Alex Morcos [ARCHIVE] on Nostr: 📅 Original date posted:2015-06-15 📝 Original message:Aaron, My understanding is ...
📅 Original date posted:2015-06-15
📝 Original message:Aaron,
My understanding is that Gavin and Mike are proceeding with the XT fork, I
hope that understanding is wrong.
As for improving the non-consensus code to handle full blocks more
gracefully. This is something I'm very interested in, block size increase
or not. Perhaps I shouldn't hijack this thread, but maybe there are others
who also believe this would ameliorate some of the time pressure for
deciding on a block size increase.
What is it that you would like to see improved?
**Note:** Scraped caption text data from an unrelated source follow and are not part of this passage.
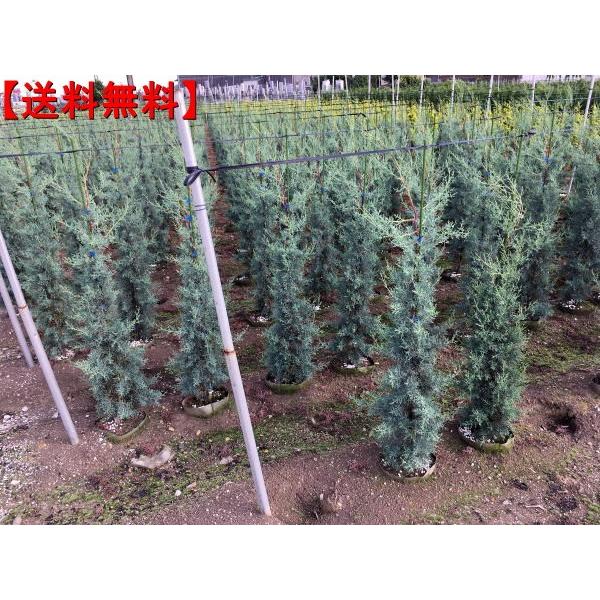 ブルーアイス コニファー 樹高2 0m以上 根鉢含まず シンボルツリー 庭木 植木 常緑樹 常緑高木 ぐりーんぐりーん 通販 Yahoo ショッピング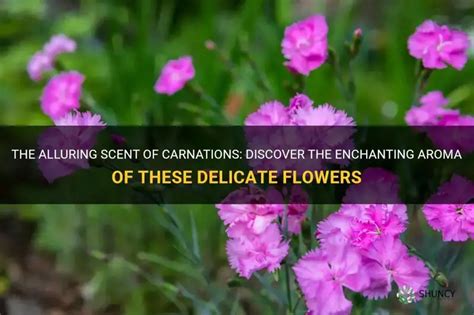 Carnation Flower Smell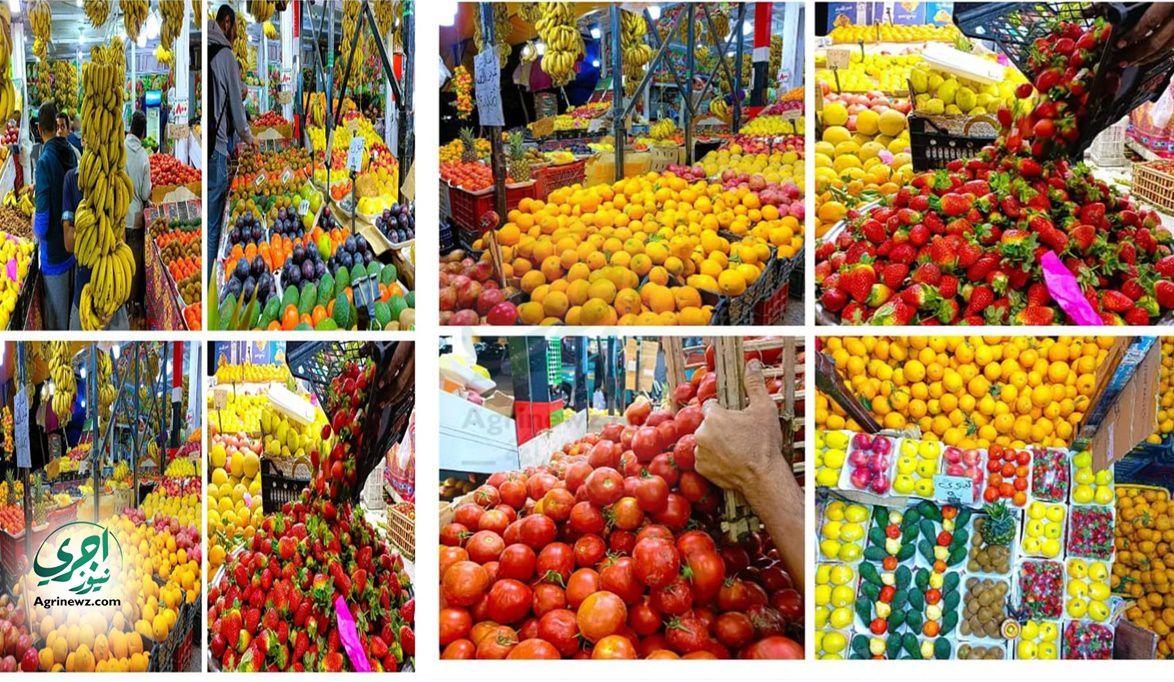 تحركات أسعار الطماطم وباقي الخضروات والفاكهة في سوق الجملة .. 19 سبتمبر 2025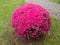 Azalea globe form pruned plant covered with bright pink flowers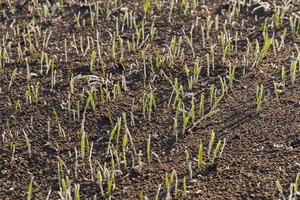 new crop of wheat photo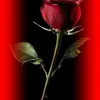 user9391467052817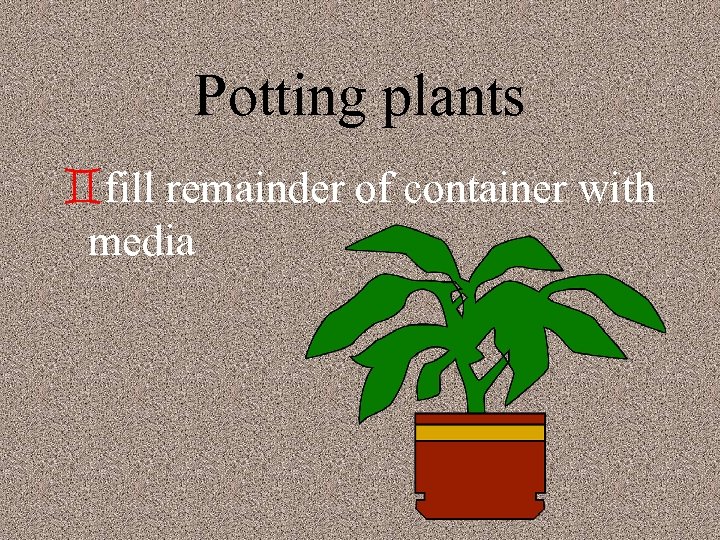 Potting plants `fill remainder of container with media 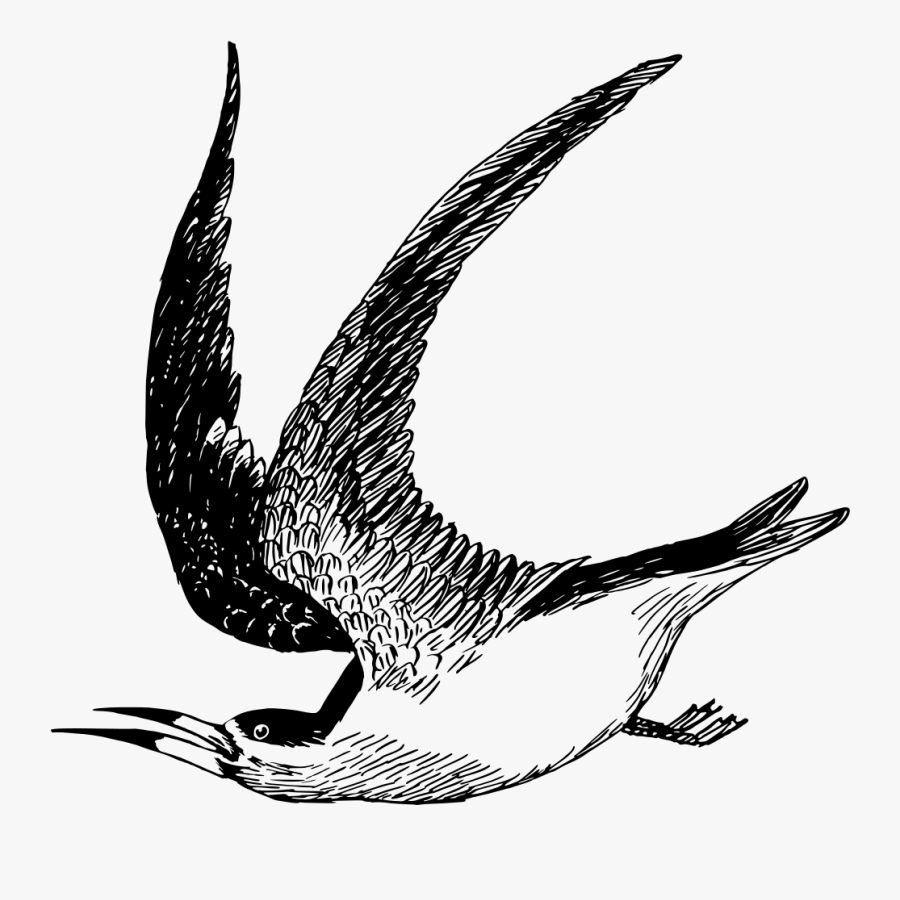 Bird Of Prey,eagle,wildlife - Seabird, Transparent Clipart
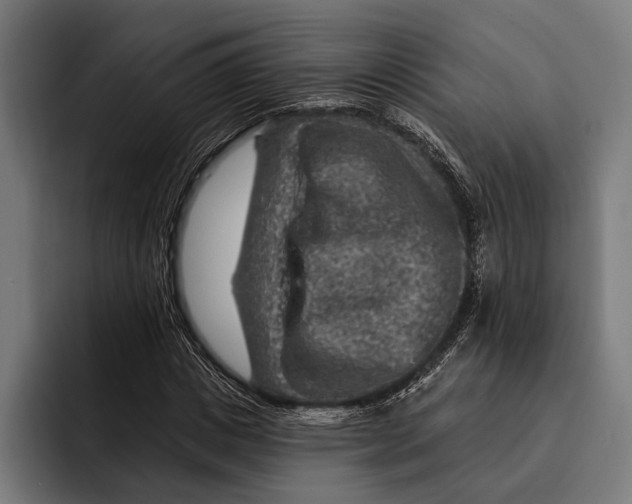 X0000092300825200710121445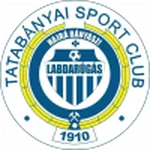 TEAM #9602 logo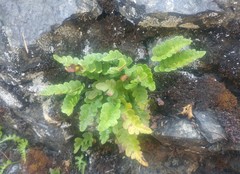 Polypodium amorphum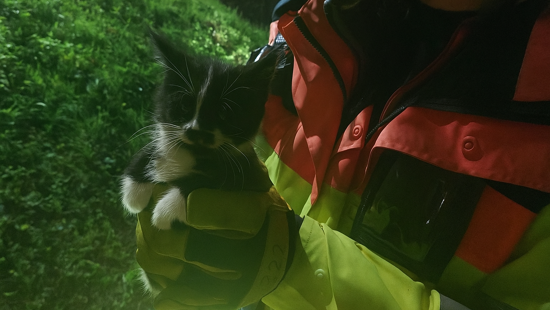 Motorway kitten rescue sparks safety warning to drivers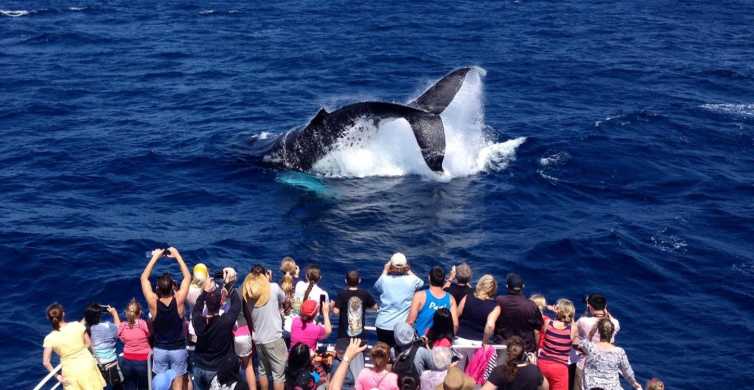 Spirit of Gold Coast 2.5 Hour Whale Watching Tour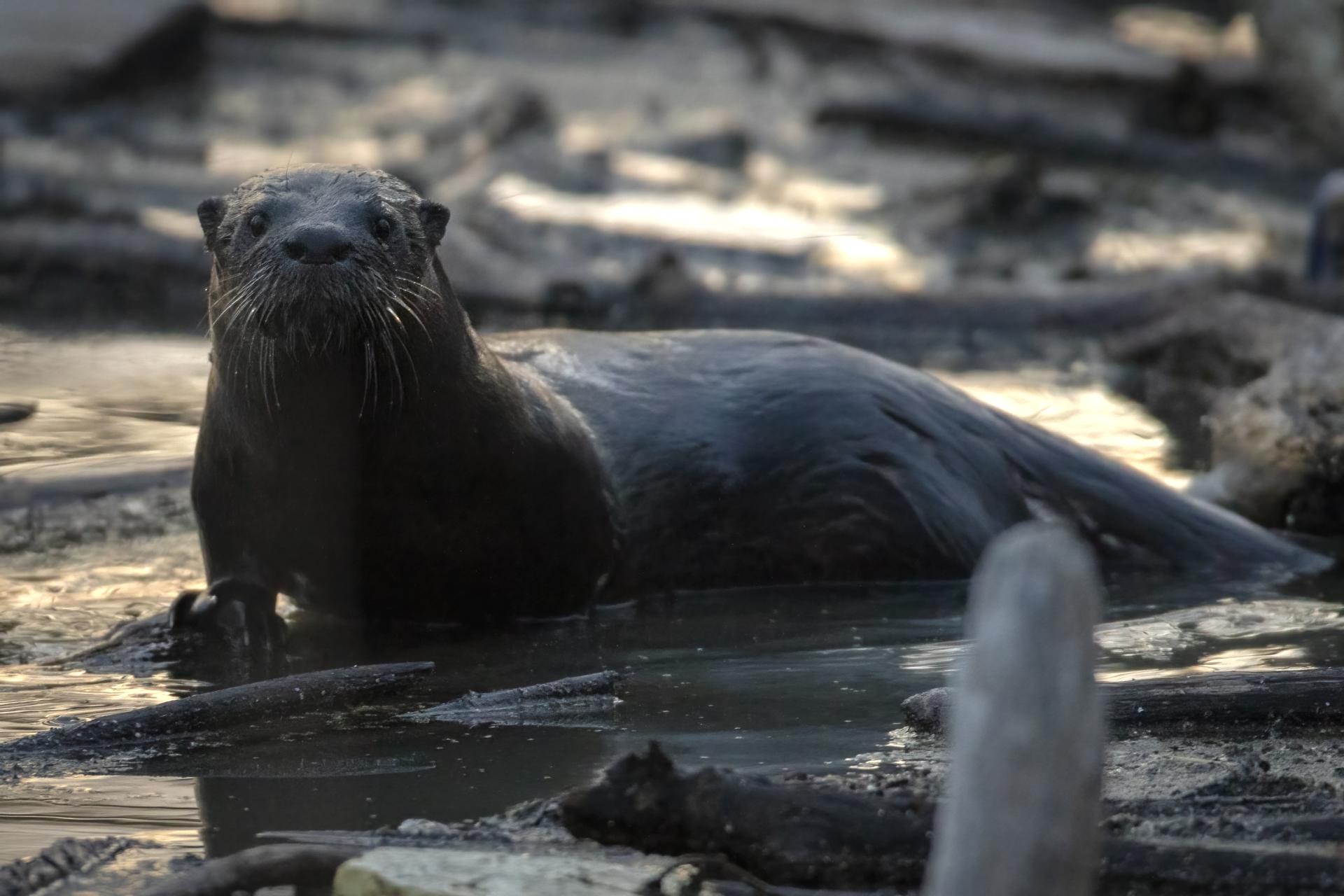 loutre-de-riviere-Northern-river-otter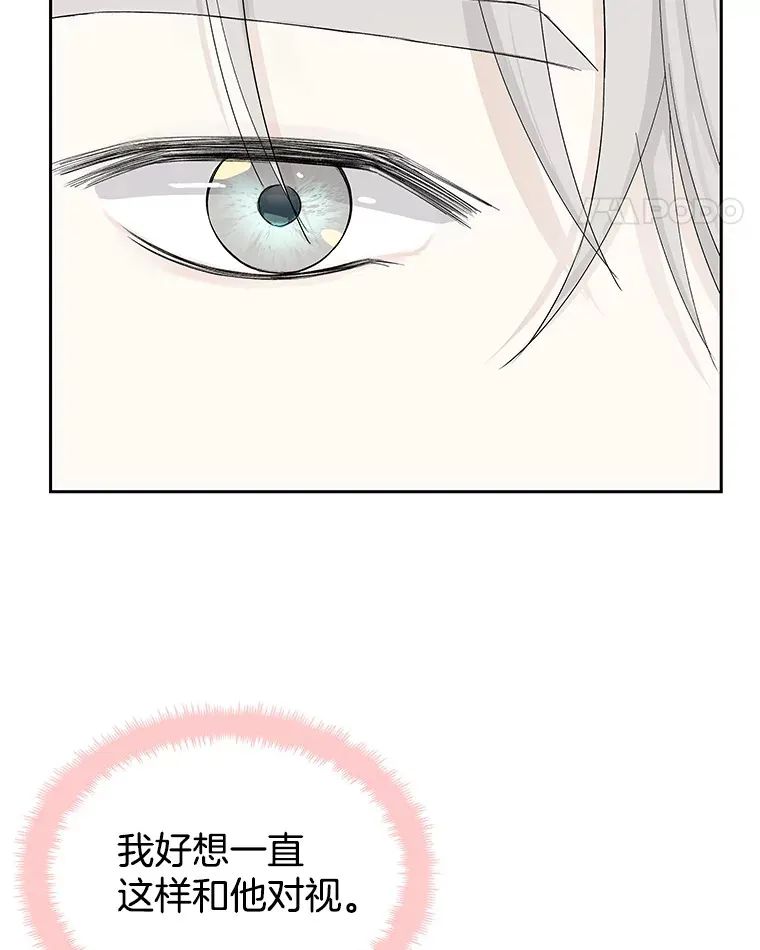 22.薄荷巧克力闯祸了~ 第40页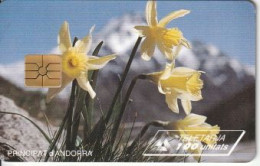 Telecarte ANDORRE - 100 U - Andorra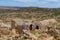 The abandonned berber village of Zriba Olya in tunisia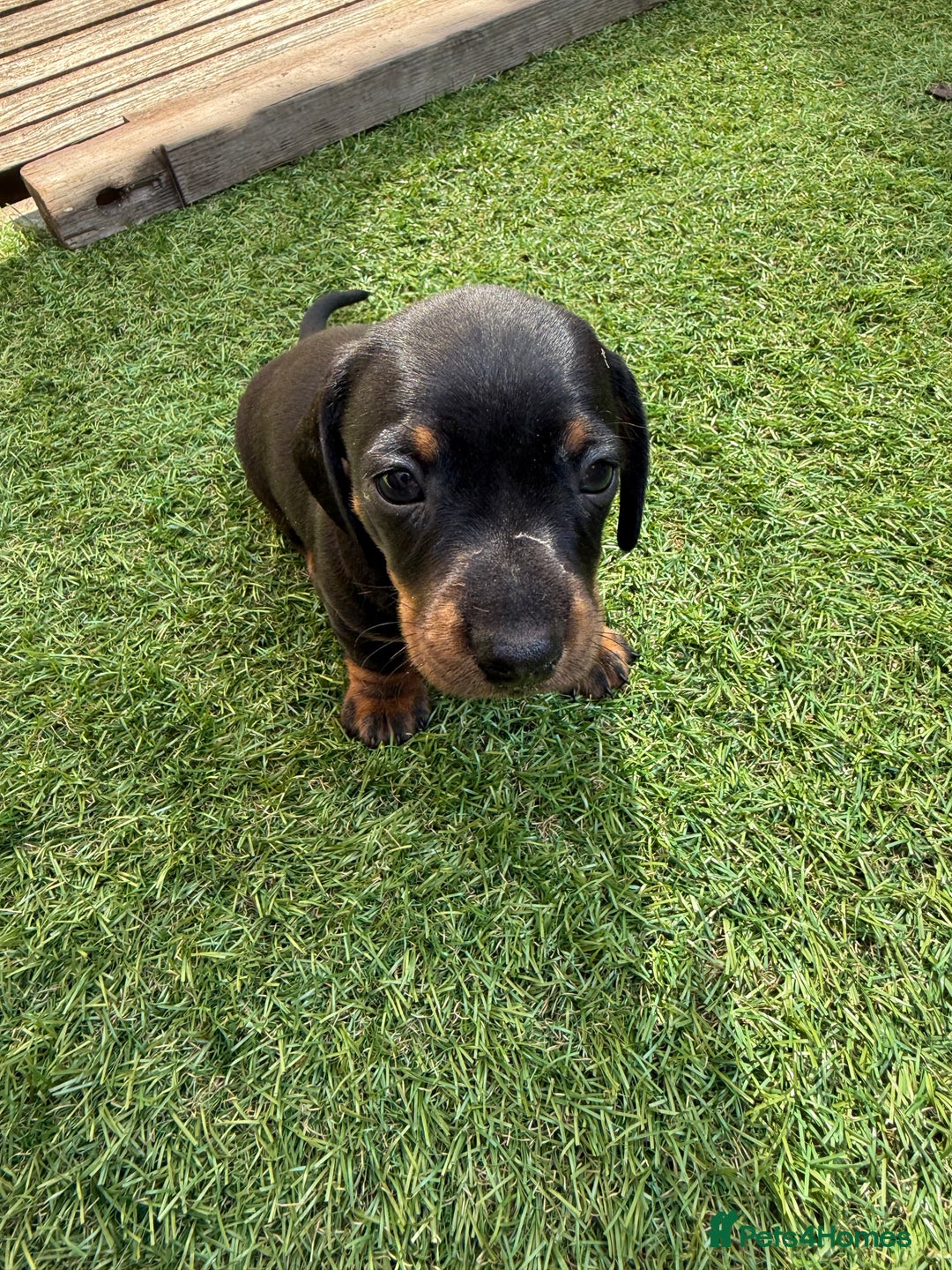 Miniature Dachshund dogs for sale: KC Reg, short haired miniature daschund puppies - Image 11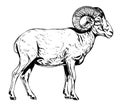 Ram Sheep farm side view hand drawn sketch Vector illustration Cattle Royalty Free Stock Photo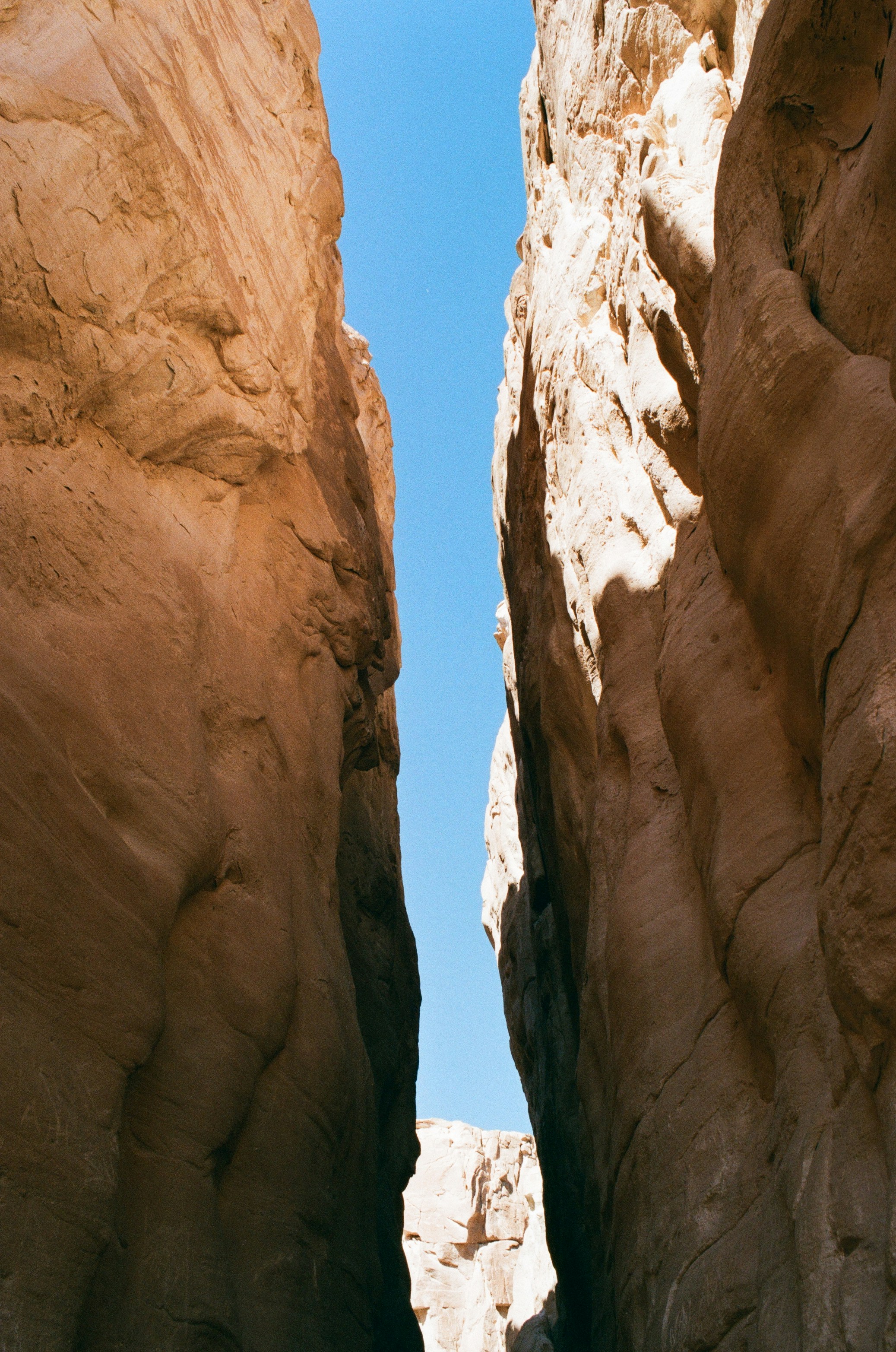 Photo by vinsen_cekrani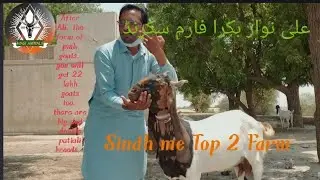 World Top 10 Bakra form|interview |Documentary Pink Goats  9, 2021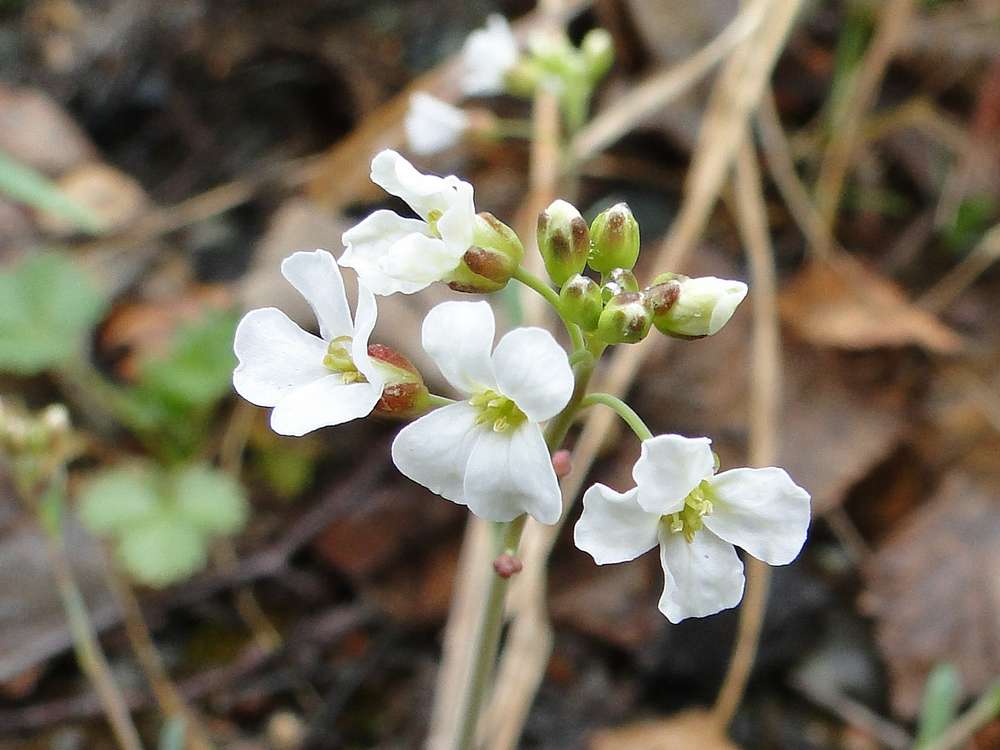 Image of Arabidopsis lyrata specimen.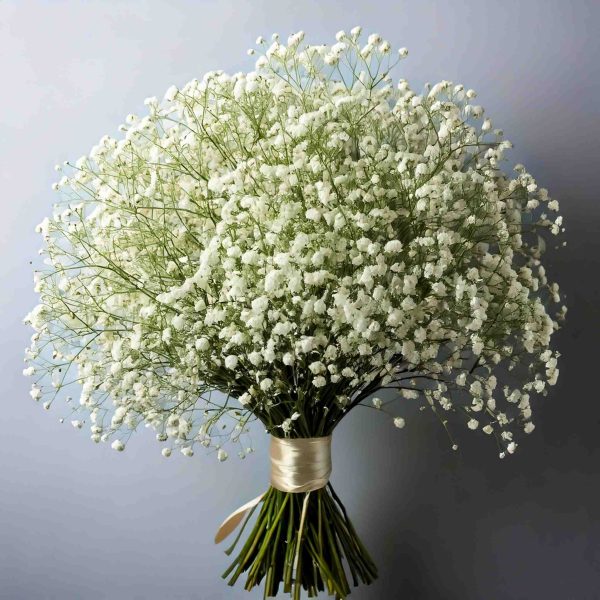 Ramo De Gypsophila Ou Vivaz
The fee estimation code that is included for 0.11 will give much more
accurate fee estimates, which should allow adding the correct fee to a
transaction to see it likely to be confirmed in a reasonable time. For
further improvements:
- There has recently been attention to overhauling the block creation and
mempool limiting code in such a way that actual outstanding queues to be
included in a block could also be incorporated in fee estimation. See
https://github.com/bitcoin/bitcoin/pull/6281.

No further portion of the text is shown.